By Daisy Dunne
A powerful new radio telescope that may be humanity's best hope of finding alien life has been switched on in Ireland.
The Irish telescope is part of the €150 million International Low-Frequency Array (I-Lofar) network of detectors reaching across Europe.
The telescope will use low frequency waves to search for alien signals, find new planets and help decipher the mysterious origins of black holes and galaxies, the Daily Mail reported.
Ireland's contribution to I-lofar, which takes up an area the size of a football pitch, was switched on by John Halligan, a government minister who has previously said that he believes in aliens.
"Our galaxy is 100,000 light years across with a billion suns and two billion planets," he told The Times.
"It would be extraordinary if there was not some form of life.
"I think it's inevitable that it is out there and today's launch will certainly help."
Lofar is one of the largest astrophysics projects in Europe, with 11 international stations spread across Germany, Poland, France, the UK and Sweden, with additional stations and a central hub in the Netherlands.
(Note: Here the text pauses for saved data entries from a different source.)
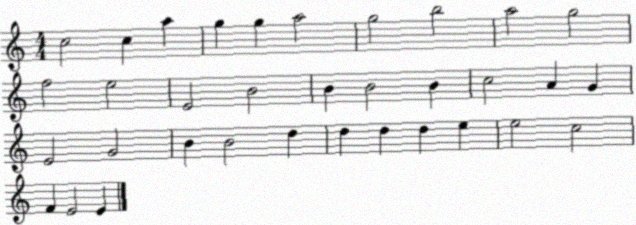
X:1
T:Untitled
M:4/4
L:1/4
K:C
c2 c a g g a2 g2 b2 a2 g2 f2 e2 E2 B2 B B2 B c2 A G E2 G2 B B2 d d d d e e2 c2 F E2 E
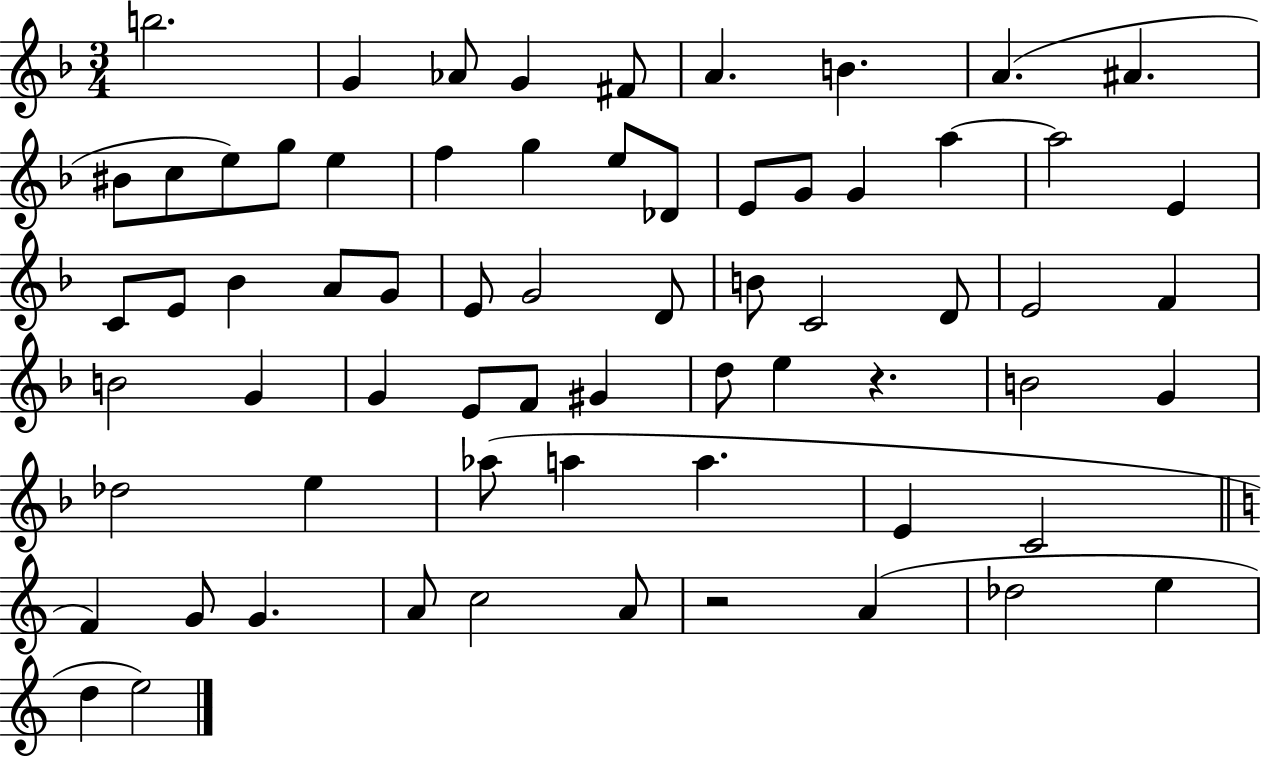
{
  \clef treble
  \numericTimeSignature
  \time 3/4
  \key f \major
  \repeat volta 2 { b''2. | g'4 aes'8 g'4 fis'8 | a'4. b'4. | a'4.( ais'4. | \break bis'8 c''8 e''8) g''8 e''4 | f''4 g''4 e''8 des'8 | e'8 g'8 g'4 a''4~~ | a''2 e'4 | \break c'8 e'8 bes'4 a'8 g'8 | e'8 g'2 d'8 | b'8 c'2 d'8 | e'2 f'4 | \break b'2 g'4 | g'4 e'8 f'8 gis'4 | d''8 e''4 r4. | b'2 g'4 | \break des''2 e''4 | aes''8( a''4 a''4. | e'4 c'2 | \bar "||" \break \key c \major f'4) g'8 g'4. | a'8 c''2 a'8 | r2 a'4( | des''2 e''4 | \break d''4 e''2) | } \bar "|."
}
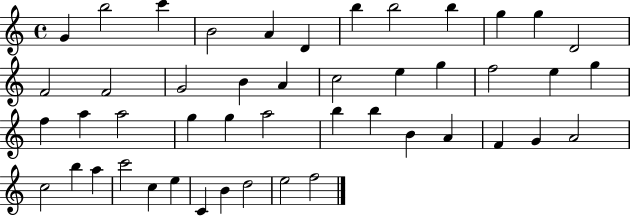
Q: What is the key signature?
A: C major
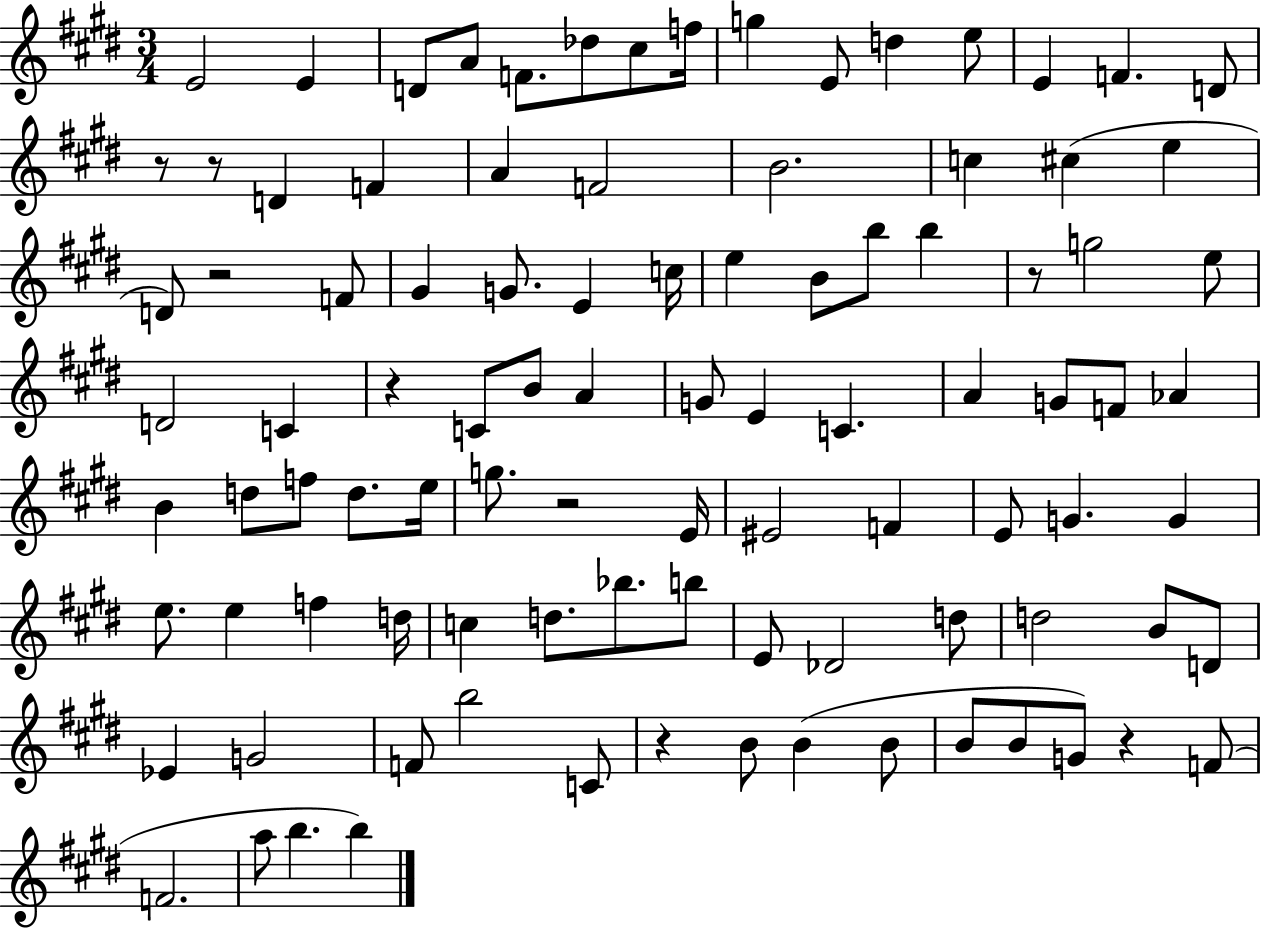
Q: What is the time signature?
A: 3/4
The new facility at Birr Castle in County Offaly has become the 12th station in the network.
It has been constructed adjacent to the historic Leviathan telescope, which was built by the 3rd Earl of Rosse in 1845 and was the largest optical telescope in the world until 1917.
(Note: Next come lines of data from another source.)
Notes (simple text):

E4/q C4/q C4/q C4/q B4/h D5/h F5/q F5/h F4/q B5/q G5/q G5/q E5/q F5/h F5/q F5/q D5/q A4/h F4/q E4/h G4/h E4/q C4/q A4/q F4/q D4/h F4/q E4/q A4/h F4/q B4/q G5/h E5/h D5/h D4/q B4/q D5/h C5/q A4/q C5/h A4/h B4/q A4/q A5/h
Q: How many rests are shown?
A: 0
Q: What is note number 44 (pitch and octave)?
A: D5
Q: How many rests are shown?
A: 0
Lofar will be able to listen out for far-away radio signals, which could indicate the presence of intelligent life, according to Paul Gilster, a space exploration analyst.
"The search for extraterrestrial intelligence has generally looked for targeted signals sent deliberately our way but scientists are also considering the possibility of accidental receptions, the markers of an industrial society at work," Mr Gilster told The Times.
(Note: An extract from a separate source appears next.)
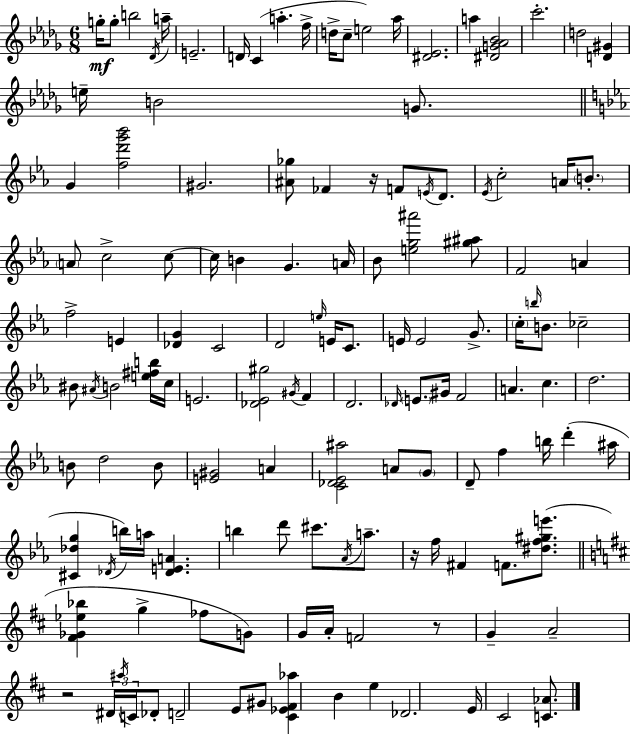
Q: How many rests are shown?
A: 4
"Lofar opens up a new frequency domain for the search for life. With its omnidirectional antennas and computing resources, it may help us pin down the sources of transient radio signals that could be faint signals from cultures around distant stars."
The telescope will also pick up radio signals emitted by hydrogen, which could help us better understand the "dark ages" of the universe following the big bang, he said.
And the ultra-sensitive radio antennas could help us gather more clues to understand the formation and behaviour of black holes, he added.
Lofar will be run by Irish astrophysicists, computer engineers and data scientists, representing Irish universities and institutes of technologies from both sides of the border.